Trinity Digital Exam Information

Here is information about how the exams are undertaken, recording advise and the marking schemes for these types of exams:



I came across this video showing how the student presents their scales exercises sheet to the camera at the start. This was a good example of how to start the exam.

Trinity provides quite a lot of information on how to do the recording so I have provided it in the links below:

Trinity's filming guidance:  Looking through the material the one thing I picked up on is that the scale book and song book covers need to be clearly showing during the performance - with book at the side (as we normally sit) it might not be clearly visible.

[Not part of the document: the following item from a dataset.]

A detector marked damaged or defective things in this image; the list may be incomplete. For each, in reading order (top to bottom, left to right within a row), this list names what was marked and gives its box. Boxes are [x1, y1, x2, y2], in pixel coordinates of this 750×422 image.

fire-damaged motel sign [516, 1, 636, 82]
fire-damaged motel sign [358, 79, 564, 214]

If you look at the demonstration video

they have music book in front but lower so as show the book cover - you can see that the camera is at a higher position so we can clearly see the guitar being played.

Here is the link for the Trinity Guide for videoing - the second link gives more information on recording.


Marking Schemes

I've been looking further into how Trinity marks the new style digital exams which now do not have the two supporting tests (e.g. sight reading, aural etc). However the 20 marks that were awarded between those two tests are now allocated to a new element called 'Overall Performance Criteria'.  Below I have linked the relevant material on the Trinity Website on how they justified the new element and what it means to somebody taking one of theses exams. The Technical Exercise part (including scales etc) and the three songs have exactly the same marking weight and criteria as for face to face exams.

I will try to paraphrase how a guitarist should interpret this new element and things to do to get good marks - the key point is in the element's title - 'Performance'. The best I can interpret this is that during the whole performance (Scales/exercises and then 3 songs) you are being assessed on your 'performance to the audience' - the X-Factor part such as Professionalism, Musicianship, Control and Engagement.  There may be other interpretations but you should get the idea that you don't want to look like a rabbit in the headlamps and you should look 'professional'. We have probably all been to music concerts when you walk out and go 'that person never did a thing wrong'  and 'wow they were nervous and it showed'. 

To me it stands to reason that if for example, you play your songs with great confidence and they sound exactly like how they should then you will give a great 'performance' both musically and visually to the audience. So taking care of the songs (and scales) which the marking criteria also take account of 'performance' will indeed translate to good marks for the new element,

The 20 marks are addressed in two parts:

Performance delivery and focus (10 marks):  assesses the focus, assurance, and continuity of the performance – i.e. are the musicianship skills sustained meaningfully throughout the candidate’s performance? Are they maintained in a focussed way as they move between pieces and across the technical work?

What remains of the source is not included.